W. L. Mackenzie King Declares War

King makes his declaration of war speechspacer Below is an extract from a speech given by Canadian Prime Minister William Lyon Mackenzie King in the House of Commons, in September, 1939.

For months, indeed for years, the shadow of impending conflict in Europe has been ever present. Through these troubled years, no stone has been left unturned, no road unexplored in the patient search for peace. Unhappily for the world, Herr Hitler and the nazi regime in Germany have persisted in their attempt to extend their control over other peoples and countries, and to pursue their aggressive designs in wanton disregard of all treaty obligations, and peaceful methods of adjusting international disputes. They have had to resort increasingly to agencies of deception, terrorism and violence. It is this reliance upon force, this lust for conquest, this determination to dominate throughout the world, which is the real cause of the war that to-day threatens the freedom of mankind.

...This morning, the king, speaking to his peoples at home and across the seas, appealed to all, to make their own, the cause of freedom, which Britain again has taken up. Canada has already answered that call. On Friday last, the government, speaking on behalf of the Canadian people, announced that in the event of the United Kingdom becoming engaged in war in the effort to resist aggression, they would, as soon as parliament meets, seek its authority for effective cooperation by Canada at the side of Britain.

...In what manner and to what extent Canada may most effectively be able to co-operate in the common cause is as I have stated, something which parliament itself will decide. All I need to add at the moment is that Canada, as a free nation of the British Commonwealth, is bringing her cooperation voluntarily. Our effort will be voluntary.

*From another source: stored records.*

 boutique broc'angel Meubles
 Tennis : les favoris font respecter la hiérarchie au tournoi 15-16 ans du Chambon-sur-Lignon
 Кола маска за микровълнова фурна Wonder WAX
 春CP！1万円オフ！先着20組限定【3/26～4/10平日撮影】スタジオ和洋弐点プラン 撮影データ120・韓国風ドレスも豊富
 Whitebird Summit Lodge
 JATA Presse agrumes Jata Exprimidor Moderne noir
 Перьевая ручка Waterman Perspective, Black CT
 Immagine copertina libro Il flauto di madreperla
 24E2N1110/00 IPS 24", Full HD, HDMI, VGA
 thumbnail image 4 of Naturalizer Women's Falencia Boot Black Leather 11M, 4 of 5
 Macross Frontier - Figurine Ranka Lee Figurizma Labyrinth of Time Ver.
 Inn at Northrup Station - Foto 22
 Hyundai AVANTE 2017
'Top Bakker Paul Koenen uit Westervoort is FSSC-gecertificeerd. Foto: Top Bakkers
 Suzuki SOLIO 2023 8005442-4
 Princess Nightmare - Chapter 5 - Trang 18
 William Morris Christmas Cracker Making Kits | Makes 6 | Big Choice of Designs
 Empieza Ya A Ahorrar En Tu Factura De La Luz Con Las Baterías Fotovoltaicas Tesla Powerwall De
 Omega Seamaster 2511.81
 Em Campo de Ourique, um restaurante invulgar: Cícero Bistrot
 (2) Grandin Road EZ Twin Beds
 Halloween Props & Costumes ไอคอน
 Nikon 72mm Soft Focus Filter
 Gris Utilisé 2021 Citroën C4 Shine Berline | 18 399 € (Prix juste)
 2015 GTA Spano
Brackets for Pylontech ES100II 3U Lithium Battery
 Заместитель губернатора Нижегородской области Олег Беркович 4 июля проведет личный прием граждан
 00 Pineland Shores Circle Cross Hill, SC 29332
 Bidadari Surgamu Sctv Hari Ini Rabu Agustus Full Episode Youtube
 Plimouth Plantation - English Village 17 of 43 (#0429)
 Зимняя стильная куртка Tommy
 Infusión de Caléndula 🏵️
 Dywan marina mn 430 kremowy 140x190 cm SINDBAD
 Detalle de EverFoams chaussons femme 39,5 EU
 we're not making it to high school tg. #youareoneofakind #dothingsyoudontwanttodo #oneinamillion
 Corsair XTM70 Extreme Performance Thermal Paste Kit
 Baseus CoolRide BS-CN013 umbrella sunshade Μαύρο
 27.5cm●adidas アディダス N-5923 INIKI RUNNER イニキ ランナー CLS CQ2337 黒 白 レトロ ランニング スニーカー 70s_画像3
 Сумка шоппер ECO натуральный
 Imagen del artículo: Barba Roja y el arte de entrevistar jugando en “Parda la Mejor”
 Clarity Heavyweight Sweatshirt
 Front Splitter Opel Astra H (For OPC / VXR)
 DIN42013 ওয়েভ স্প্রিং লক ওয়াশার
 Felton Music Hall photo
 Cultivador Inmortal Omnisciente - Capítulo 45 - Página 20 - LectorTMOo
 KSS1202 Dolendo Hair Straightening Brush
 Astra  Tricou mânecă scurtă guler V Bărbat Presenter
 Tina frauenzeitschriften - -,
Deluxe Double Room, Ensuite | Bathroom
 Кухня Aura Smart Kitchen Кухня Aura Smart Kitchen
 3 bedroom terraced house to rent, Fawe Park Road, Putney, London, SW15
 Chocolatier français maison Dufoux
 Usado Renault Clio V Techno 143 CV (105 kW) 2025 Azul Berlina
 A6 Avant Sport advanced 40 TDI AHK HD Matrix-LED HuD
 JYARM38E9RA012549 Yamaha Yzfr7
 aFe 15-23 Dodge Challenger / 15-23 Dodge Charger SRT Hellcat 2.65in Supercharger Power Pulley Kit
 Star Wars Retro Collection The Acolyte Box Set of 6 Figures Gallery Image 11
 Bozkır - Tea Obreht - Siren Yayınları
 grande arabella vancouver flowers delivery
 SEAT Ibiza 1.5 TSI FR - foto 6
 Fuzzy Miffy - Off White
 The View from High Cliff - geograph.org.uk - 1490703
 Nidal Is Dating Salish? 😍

The people of Canada will, I know, face the days of stress and strain which lie ahead with calm and resolute courage. There is no home in Canada, no family, and no individual whose fortunes and freedom are not bound up in the present struggle. I appeal to my fellow Canadians to unite in a national effort to save from destruction all that makes life itself worth living, and to preserve for future generations those liberties and institutions which others have bequeathed to us.

--William Lyon Mackenzie King,
Prime Minister of Canada, September, 1939.